Share your dilemmas and get honest opinions from other Mumsnetters.

To ask over 50s to check in to show we are not a separate breed of Mumsnetters

469 replies

LaureBerthaud · 08/10/2020 15:19

COVID has really brought out the ageism on Mumsnet! Over 50s are not an homogeneous group sucking on our Werther's Originals longing for the social centre to re-open so we can resume whist drives and coach trips to outlet stores with a nice cafe attached!

I'm mum to DC who's taking their GCSEs next year and I will have to continue working to support them through uni and because I enjoy working AND I have a mortgage!

So stop trying to lock us down - the economy needs us as taxpayers and consumers!

OP posts:
mrshoho · 09/10/2020 11:23

It dies seem as though MN ignore ageism posts. I've seen some callous words around the covid topics but it's been here for before that too. Brexit brought out some awful crap and accusations of all boomers ruining future generations prospects. Even before brexit I remember reading posts along the lines of selfish old people sitting in big houses while the young couldn't get on the housing market.
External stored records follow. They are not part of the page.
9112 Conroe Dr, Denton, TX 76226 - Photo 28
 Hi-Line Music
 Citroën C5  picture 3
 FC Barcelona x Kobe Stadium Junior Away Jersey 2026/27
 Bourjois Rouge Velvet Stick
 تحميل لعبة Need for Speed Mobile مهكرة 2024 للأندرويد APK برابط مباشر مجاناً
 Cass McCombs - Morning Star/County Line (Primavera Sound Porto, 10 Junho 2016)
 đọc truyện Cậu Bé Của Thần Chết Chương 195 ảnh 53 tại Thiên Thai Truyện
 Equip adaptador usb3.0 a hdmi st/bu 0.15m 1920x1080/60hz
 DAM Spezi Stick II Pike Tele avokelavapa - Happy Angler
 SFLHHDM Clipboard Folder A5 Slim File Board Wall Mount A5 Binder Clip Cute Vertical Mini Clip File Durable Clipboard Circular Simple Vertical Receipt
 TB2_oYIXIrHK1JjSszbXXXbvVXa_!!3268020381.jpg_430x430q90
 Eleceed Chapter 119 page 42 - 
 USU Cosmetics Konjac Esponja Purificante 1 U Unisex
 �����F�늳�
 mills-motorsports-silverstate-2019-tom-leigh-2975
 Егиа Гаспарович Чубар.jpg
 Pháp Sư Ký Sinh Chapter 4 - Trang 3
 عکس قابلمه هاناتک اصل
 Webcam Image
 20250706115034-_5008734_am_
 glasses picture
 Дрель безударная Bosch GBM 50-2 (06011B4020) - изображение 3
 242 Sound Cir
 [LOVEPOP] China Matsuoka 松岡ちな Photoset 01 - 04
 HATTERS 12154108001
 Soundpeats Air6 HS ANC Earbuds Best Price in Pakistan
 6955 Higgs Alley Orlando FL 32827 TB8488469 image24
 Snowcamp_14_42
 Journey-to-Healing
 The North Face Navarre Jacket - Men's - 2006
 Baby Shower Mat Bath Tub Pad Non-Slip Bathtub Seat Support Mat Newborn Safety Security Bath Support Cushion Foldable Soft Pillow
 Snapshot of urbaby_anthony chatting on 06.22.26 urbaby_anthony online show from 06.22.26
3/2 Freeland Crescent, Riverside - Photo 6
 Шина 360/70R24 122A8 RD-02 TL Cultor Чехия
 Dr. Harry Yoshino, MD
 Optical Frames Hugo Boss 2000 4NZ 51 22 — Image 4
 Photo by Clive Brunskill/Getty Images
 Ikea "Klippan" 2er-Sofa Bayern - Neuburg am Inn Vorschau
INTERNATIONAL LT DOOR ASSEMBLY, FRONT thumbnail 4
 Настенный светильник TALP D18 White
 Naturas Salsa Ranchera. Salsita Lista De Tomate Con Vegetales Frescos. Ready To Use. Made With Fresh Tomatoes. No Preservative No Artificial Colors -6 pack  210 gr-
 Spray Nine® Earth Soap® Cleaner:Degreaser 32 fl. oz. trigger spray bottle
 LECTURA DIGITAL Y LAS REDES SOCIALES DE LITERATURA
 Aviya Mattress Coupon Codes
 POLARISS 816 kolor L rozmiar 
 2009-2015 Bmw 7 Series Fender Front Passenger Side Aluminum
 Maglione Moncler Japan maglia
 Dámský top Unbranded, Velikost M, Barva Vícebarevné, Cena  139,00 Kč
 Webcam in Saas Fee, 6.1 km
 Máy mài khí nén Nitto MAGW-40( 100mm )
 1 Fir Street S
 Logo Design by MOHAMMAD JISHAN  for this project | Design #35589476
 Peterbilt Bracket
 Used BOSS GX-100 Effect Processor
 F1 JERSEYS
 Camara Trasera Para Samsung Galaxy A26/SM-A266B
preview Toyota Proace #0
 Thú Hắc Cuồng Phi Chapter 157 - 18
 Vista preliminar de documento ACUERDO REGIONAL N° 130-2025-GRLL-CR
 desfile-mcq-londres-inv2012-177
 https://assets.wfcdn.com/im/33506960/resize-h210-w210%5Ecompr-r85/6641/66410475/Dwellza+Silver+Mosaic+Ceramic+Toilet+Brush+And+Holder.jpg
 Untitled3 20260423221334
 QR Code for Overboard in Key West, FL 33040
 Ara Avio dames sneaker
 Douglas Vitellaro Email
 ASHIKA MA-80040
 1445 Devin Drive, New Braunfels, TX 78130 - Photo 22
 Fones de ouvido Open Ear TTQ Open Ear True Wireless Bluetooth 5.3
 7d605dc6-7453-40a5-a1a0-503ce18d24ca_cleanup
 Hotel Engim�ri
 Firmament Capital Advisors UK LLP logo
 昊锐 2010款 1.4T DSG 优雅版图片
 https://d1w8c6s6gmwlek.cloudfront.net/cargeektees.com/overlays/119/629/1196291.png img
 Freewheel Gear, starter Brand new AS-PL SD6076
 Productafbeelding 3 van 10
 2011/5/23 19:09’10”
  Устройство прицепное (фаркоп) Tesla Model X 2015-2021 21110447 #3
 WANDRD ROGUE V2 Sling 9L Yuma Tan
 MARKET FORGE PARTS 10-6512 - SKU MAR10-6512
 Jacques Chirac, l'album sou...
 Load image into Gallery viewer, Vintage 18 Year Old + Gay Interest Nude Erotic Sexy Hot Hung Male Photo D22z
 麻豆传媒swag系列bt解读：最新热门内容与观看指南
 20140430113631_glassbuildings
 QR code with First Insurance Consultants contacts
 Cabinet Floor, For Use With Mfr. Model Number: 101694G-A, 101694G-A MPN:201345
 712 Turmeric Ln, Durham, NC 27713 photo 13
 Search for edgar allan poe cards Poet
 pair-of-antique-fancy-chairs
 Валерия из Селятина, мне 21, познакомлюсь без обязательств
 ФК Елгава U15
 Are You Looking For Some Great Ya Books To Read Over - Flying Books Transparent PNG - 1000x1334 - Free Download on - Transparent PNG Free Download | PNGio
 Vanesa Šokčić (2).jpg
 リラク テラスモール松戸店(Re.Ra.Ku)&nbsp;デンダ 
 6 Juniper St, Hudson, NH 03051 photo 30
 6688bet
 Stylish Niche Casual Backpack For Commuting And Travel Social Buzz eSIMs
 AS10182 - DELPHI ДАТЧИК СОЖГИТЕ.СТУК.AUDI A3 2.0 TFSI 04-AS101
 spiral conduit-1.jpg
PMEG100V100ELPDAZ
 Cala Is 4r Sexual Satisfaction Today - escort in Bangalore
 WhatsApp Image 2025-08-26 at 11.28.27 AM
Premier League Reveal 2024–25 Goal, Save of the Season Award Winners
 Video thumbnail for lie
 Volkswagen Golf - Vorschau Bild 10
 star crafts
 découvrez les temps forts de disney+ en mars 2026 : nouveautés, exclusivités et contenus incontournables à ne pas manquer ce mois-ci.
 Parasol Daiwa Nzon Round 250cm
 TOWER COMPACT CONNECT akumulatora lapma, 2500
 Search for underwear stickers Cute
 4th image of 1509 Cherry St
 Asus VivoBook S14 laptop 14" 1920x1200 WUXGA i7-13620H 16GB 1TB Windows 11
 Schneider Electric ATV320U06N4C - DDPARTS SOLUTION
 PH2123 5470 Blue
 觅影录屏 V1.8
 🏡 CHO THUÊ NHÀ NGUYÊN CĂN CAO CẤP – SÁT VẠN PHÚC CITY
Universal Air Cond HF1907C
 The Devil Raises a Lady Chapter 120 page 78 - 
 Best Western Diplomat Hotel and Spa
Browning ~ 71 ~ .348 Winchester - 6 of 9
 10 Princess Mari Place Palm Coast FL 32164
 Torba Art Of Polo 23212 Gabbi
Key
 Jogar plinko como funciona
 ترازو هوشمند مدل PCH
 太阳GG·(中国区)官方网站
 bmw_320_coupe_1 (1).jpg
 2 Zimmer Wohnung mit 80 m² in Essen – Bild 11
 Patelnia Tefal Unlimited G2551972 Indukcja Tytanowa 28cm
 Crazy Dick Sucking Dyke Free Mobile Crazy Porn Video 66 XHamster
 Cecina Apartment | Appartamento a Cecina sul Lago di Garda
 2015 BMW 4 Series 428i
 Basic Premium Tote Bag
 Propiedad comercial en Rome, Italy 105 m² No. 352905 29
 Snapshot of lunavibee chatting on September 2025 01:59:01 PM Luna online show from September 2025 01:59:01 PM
As if an entire generation has had an easy ride and living the high life!

TheEmojiFormerlyKnownAsPrince · 09/10/2020 11:27

Derxa what gets me is they think they invented sex!!!!

Such pearls as ‘people don’t understand today as no one had casual sex in the 80’s’ 😁😁

‘Over 50’s haven’t had to live through difficult times. Nope just Thatcher, huge unemployment, high interest rates and the decimation of the North ( where l live)

My ds is 27. He never talks like this!

mrshoho · 09/10/2020 11:32

Such pearls as ‘people don’t understand today as no one had casual sex in the 80’s’ 😁😁

Take me back to the 80's please! I'd even swap Boris for Thatcher!

derxa · 09/10/2020 11:51

Derxa what gets me is they think they invented sex!!!! Well yes. It's a mystery how the human race keeps reproducing. Grin
My DS knows how to wind me up. Calling me a Boomer who voted for Brexit (one of these is true) It is a frustrating time for everybody and it's human nature to blame others I suppose.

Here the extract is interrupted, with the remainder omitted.